BEGIN Provided material

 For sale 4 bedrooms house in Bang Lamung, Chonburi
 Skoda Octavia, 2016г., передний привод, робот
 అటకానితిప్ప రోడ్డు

END Provided material
BEGIN Provided material

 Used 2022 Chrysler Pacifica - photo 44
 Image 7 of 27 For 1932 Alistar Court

END Provided material

▶ Task directions:
Write out, from the lines above, only those from the line with "Skoda Octavia, 2016г., передний" to the line with "అటకానితిప్ప రోడ్డు", exactly as given, including the first and the last.

▶ Result of the exercise:
 Skoda Octavia, 2016г., передний привод, робот
 అటకానితిప్ప రోడ్డు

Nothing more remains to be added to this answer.